Linear regression classifier
1. Linear regression and classification
Suppose we have a dataset with n features and k classes. We want to fit an hyperplane. For that purpose we write the target variable $y$ in a one-hot-encoded way, that is, as a vector $y_k$ with only one entry equal to one and $k-1$ others equal zero, and fit:
\[y^k\sim w^k_{\mu}x^{\mu}+w^k_0\]where $\mu$ is the feature dimension and $w^k_0$ is the bias. Next we consider the mean square loss:
\[L=\frac{1}{m}\sum_{i=1}^{m}||(y^k_i-w^k_{\mu}x^{\mu}_i-w^k_0)||^2\]and find its minima, that is,
\[\begin{equation*}\begin{split}&\frac{\partial L}{\partial w^k_{\mu}}=-\frac{2}{m}\sum_{i=1}^{m}(y^k_i-w^k_{\nu}x^{\nu}_i-w^k_0)x^{\mu}_i=0\\ &\frac{\partial L}{\partial w^k_{0}}=-\frac{2}{m}\sum_{i=1}^{m}(y^k_i-w^k_{\mu}x^{\mu}_i-w^k_0)=0 \end{split}\end{equation*}\]Alternatively
\[\begin{equation*}\begin{split}& \langle y^kx^{\mu}\rangle-w^k_{\nu}\langle x^{\nu}x^{\mu}\rangle -w^k_0\langle x^{\mu}\rangle=0\\ &\langle y^k\rangle-w^k_{\mu}\langle x^u\rangle-w^k_0=0 \end{split}\end{equation*}\]It is best to write $w^k_a=(w^k_{\mu},w^k_0)$ and $x^{a}=(x^{\mu},1)$, so that the equations for $w^k_{\mu}$ and the bias merge into a single equation:
\[\langle y^kx^{a}\rangle-w^k_{b}\langle x^{b}x^{a}\rangle=0\]The solution is
\[w=Y^{T}X(X^{T}X)^{-1}\]where $Y=y_{ik}$ and $X=x_{ia}$. The predictor becomes:
\[\hat{Y}\equiv Xw^T=X(X^TX)^{-1}X^TY\]When is it guaranteed that there exists a solution? Or in other words, when is $X^TX$ invertible? We need to look at the vector space spanned by the columns of $X$, that is, $\text{Span}={v_a\equiv X_{ia}}$. If the dimension of this vector space is less than the number of features, then some of the vectors $v_a$ are not linearly independent, and thus the matrix $X^TX$ will have determinant zero. Or in other words, there are coefficients $c_a$ such that $\sum_ac_av_a=0$, which means that $Xc=0$ and thus $X^TXc=0$. If there are many data points as compared to the number of features, it becomes harder to find linearly dependent vectors $v_a$.
Note that
\(X^TX \Big[\begin{array}{c} 0_{\mu} \\ 1 \\ \end{array} \Big]_{a\times 1}=N\Big[\begin{array}{c} \langle x^{\mu}\rangle \\ 1 \\ \end{array} \Big]_{a\times 1}\) and therefore \(X(X^TX)^{-1}X^TY \Big[\begin{array}{c} 1_{k} \end{array}\Big]_{k\times 1}=\Big[\begin{array}{c} 1_{i} \end{array}\Big]_{i\times 1}\)

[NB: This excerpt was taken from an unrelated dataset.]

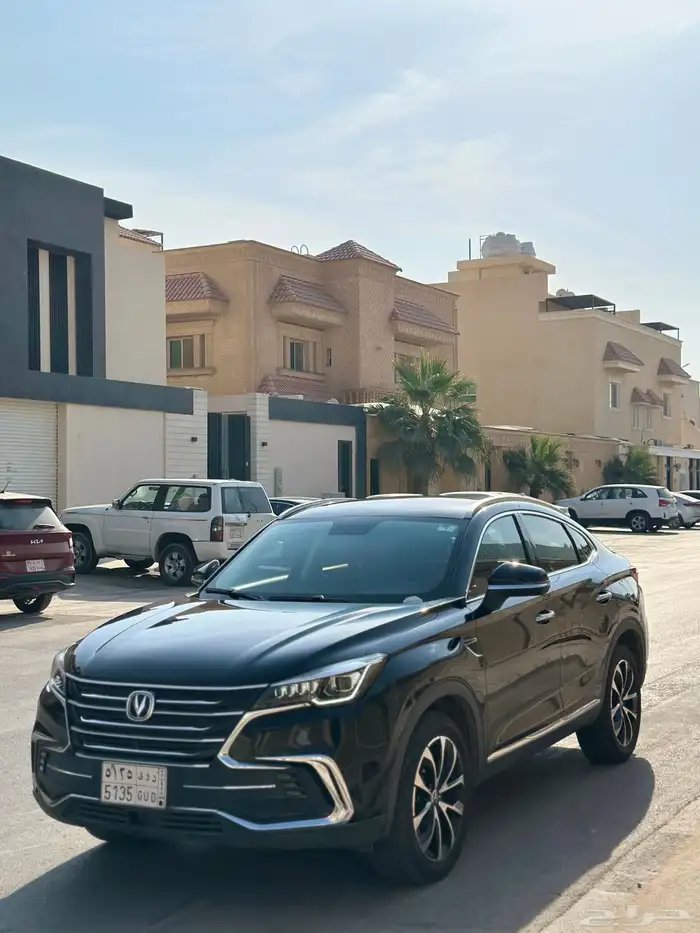 شانجان  CS85 2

that is, the predictions $\hat{Y}_i$ sum up to one just like a probability. However, it is not guaranteed that $\hat{Y}$ is always positive. To predict the class of a datapoint we use the rule:
\[k=\text{argmax}_{k'}\hat{Y}(x)\]We can work out in more detail the inverse matrix $(X^TX)^{-1}$.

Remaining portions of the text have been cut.